El evangelista salió a sembrar[1] la
semilla de la palabra de Dios[2].
Con la esperanza de que diera fruto, “cómo el labrador espera el precioso fruto
de la tierra, aguardando con paciencia hasta que reciba la lluvia temprana y la
tardía”[3].
Cada día salía a esparcir la palabra. A veces en el camino,
otras veces en las piedras. En algunas ocasiones tuvo que entrar entre los espinos,
amenazado por sus peligrosas puntas, con temor de sufrir una herida mortal. Pero
nunca dejó de repartir la palabra a su paso.
Cuando encontró una tierra fértil se dedicó a sembrar con
paciencia. Limpió el terreno de impurezas, señaló las cosas que estaban mal y
que podían matar la semilla. Fertilizó el campo con los nutrientes de la
verdad. Puso con delicadeza la semilla en el corazón aprisionado por el pecado.
Cuando la semilla comenzó a germinar la regó cada día.
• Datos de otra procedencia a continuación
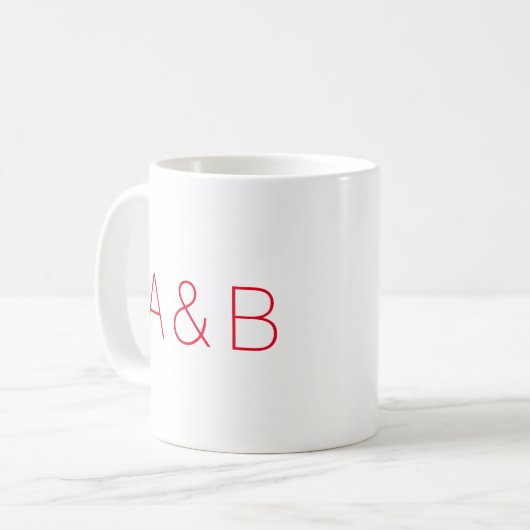 Personalisiertes rotes Pärchen-Monogramm Kaffeetasse (Vorderseite Links)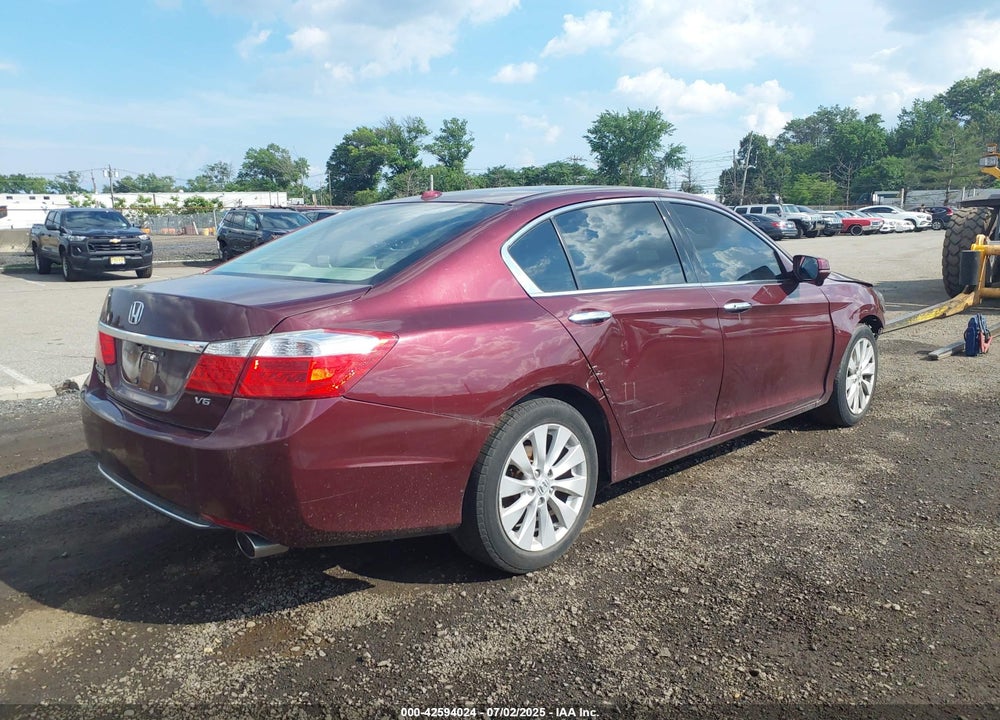 2015 HONDA ACCORD VIN: 1HGCR3F86FA023143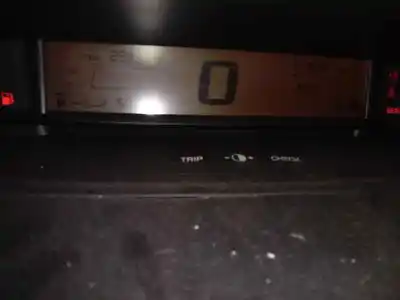 Veículo de Sucata citroen c4 berlina collection do ano 2005 alimentado 9hy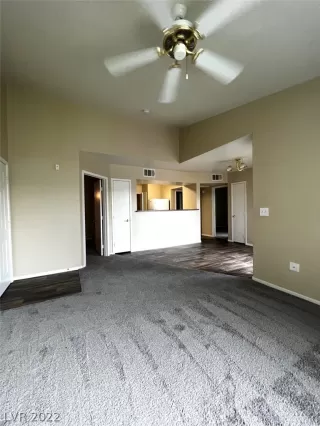 Photo #4: 2427882 Listing 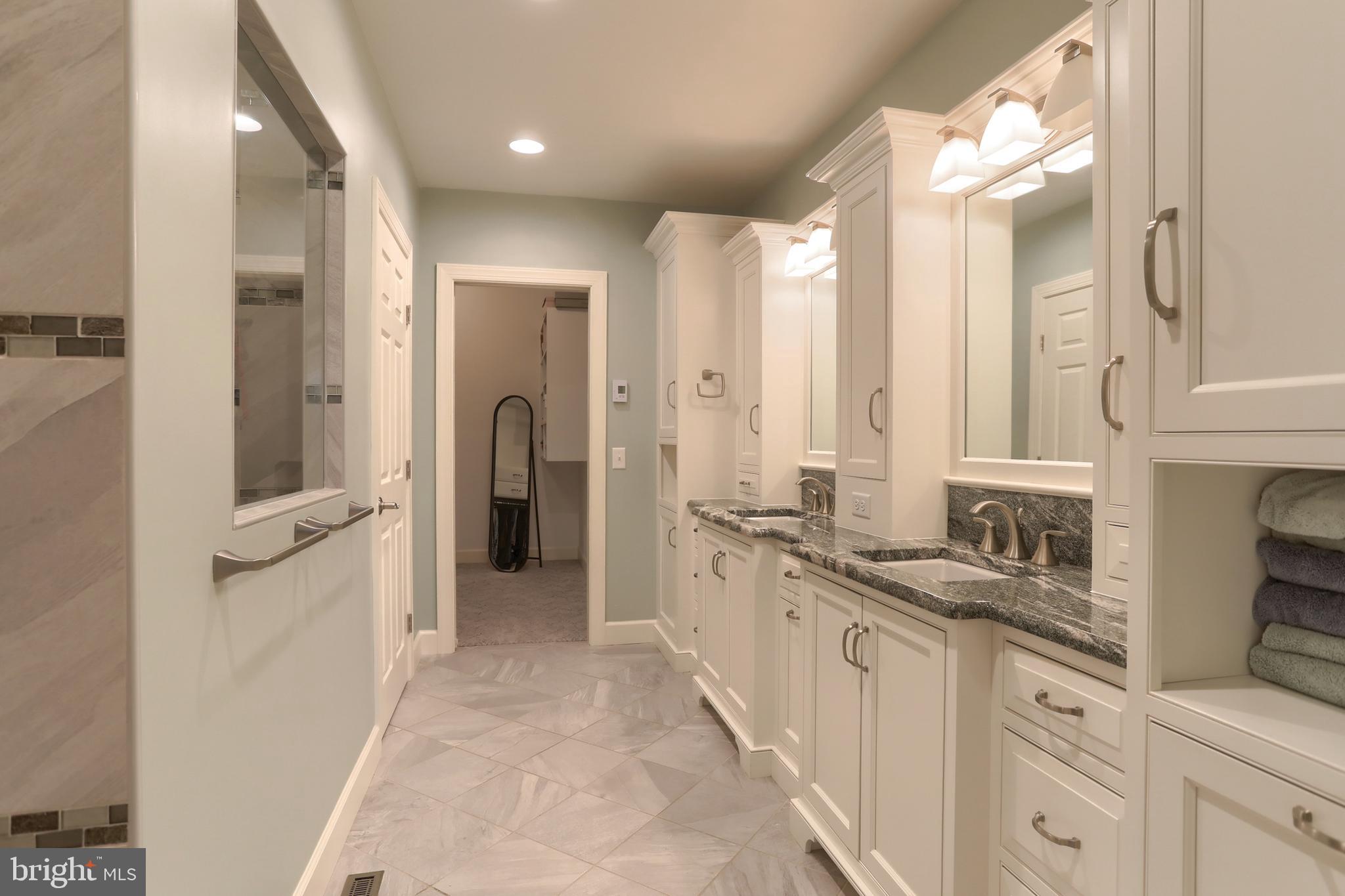 STONE CREEK - Residential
En
ocasiones la regaba él, en otras ocasiones algún sembrador vecino[4]. La
alimentaba con la suave brisa de los himnos, con chorros de oración y con la
lluvia de la doctrina. Siempre orando para que Dios le diera crecimiento a esa
nueva planta.
Gracias a su esfuerzo, el Señor bendijo el campo y dio mucho
fruto. Ahora hacían falta obreros. “La mies a la verdad es mucha, mas los
obreros pocos; por tanto, rogad al Señor de la mies que envíe obreros a su mies”[5].